Bilim

Dünyanın En Büyük Doğal Hidrojen Kaynağı Keşfedildi: Temiz Enerjinin Geleceği Burada Başlıyor!

2025-04-02

Yazar: Zeynep

2023 yılının Mayıs ayında, Fransa'nın Lorraine bölgesindeki terk edilmiş madenlerde bilim insanları devrim niteliğinde bir buluşa imza attı: Doğal hidrojen yatakları. Mart 2025’te Moselle bölgesinde yapılan bir keşifle, bu rezervlerin büyüklüğü daha da netleşti. Yapılan tahminlere göre bu bölgelerde toplamda 92 milyon ton beyaz hidrojen bulunduğu düşünülüyor ve ekonomik değerinin yaklaşık 92 milyar dolar olduğu hesaplanıyor. Bu miktar, dünya genelinde üretilen gri hidrojenin (fosil kaynaklarla üretilen hidrojen) yarısından fazlasına eşdeğer. Ayrıca, daha önceki çalışmalar yeraltındaki hidrojen rezervuarlarında yaklaşık 6,2 trilyon ton hidrojen bulunduğunu ortaya koymuştu. Dağların bu doğal hidrojenin birincil kaynağı olabileceği belirtiliyor.

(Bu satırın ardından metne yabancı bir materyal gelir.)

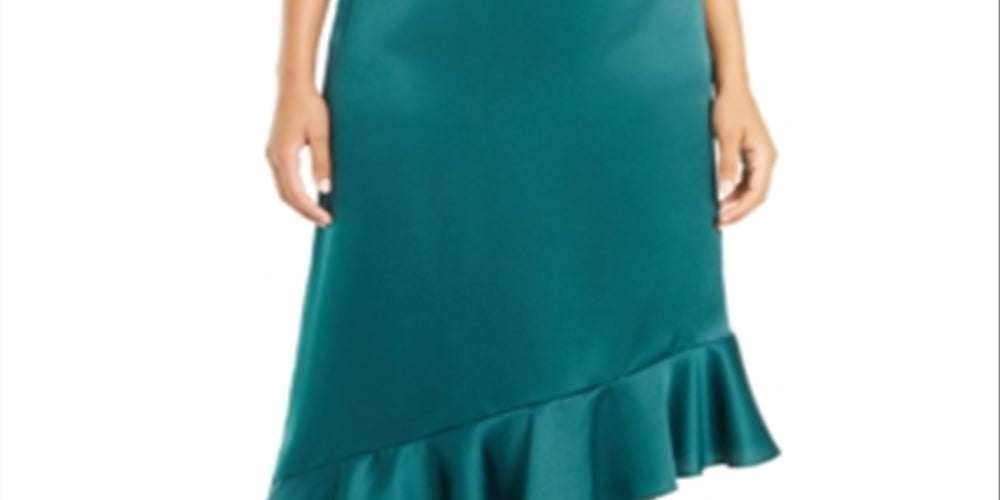 Alfani Women's Asymmetrical Ruffle Hem Skirt Green Size 6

Günümüzde hidrojen üretimi, karmaşık bir süreç olarak biliniyor ve mevcut yöntemlerin çoğu ciddi miktarda kirlilik üretiyor. Ancak yeni keşfedilen beyaz hidrojen, doğal yollarla oluştuğu ve çevre dostu bir alternatif sunduğu için büyük bir umut kaynağı. Bilim insanları, bu hidrojenin yenilenebilir olabileceğini ve “Serpantinleşme” adı verilen jeolojik bir süreçle ortaya çıktığını vurguluyor. Bu süreç, yer kabuğundaki demir açısından zengin minerallerle suyun etkileşime girmesiyle hidrojen üretebiliyor. Eğer bu doğal süreç sürekli olarak devam ederse, beyaz hidrojen, fosil yakıtlar gibi tükenecek bir kaynak olmaktan çıkar.

Hidrojenin ekonomik değeri oldukça yüksek. Beyaz hidrojen, yeşil hidrojen (yenilenebilir enerji ile üretilen) ile karşılaştırıldığında, daha düşük maliyetle ve karbon salınımı olmadan elde edilebiliyor. Bu da onu çevre dostu enerji kaynakları arasında ön plana çıkarıyor.

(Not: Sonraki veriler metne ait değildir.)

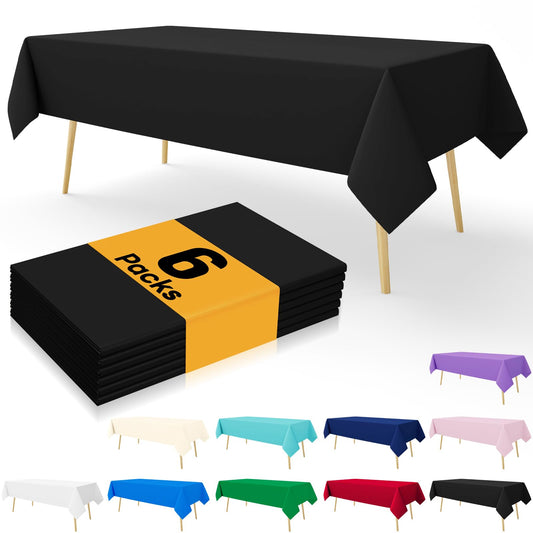 smiry Disposable Table Cloth 6 Pack, 54 x 108 Inch Table Cloths for Parties, Decorative Tablecloths for Rectangle Tables, Waterproof Plastic Table Cover, Leakproof & Sturdy, Black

Ancak, diğer ülkelerde de benzer doğal hidrojen kaynaklarının bulunup bulunamayacağı henüz belli değil. Fransa’daki keşif heyecan verici olsa da, doğal hidrojenin ticari ölçekte çıkarılması için teknolojik ve ekonomik zorluklar söz konusu. Günümüzde petrol ve doğalgaz sektöründe gelişmiş bir altyapı mevcutken, beyaz hidrojen için yeterli bilgi birikimi ve teknik ekipman henüz edinilmiş değil. Ayrıca, mevzuat eksikliği bu sürecin önünde önemli bir engel oluşturuyor. Hidrojenin düşük enerji yoğunluğu ve taşınma zorlukları da dikkate alınmalıdır. Petrol ve doğalgazdan farklı olarak, hidrojenin taşınması ve depolanması daha karmaşık bir süreç gerektiriyor.

Öte yandan, Fransa’daki bu keşif, enerji sektöründe küresel bir domino etkisi yaratabilir. Dünya genelinde enerji şirketleri ve araştırmacılar, benzer jeolojik yapıları incelemeye ve beyaz hidrojen yataklarını yeniden değerlendirmeye başladılar. Eğer diğer ülkelerde de büyük miktarda doğal hidrojen bulunursa, bu durum fosil yakıtların yerini almasını hızlandırabilir. İşte bu yüzden, hidrojenin geleceği enerji piyasalarında önemli bir tema haline geliyor.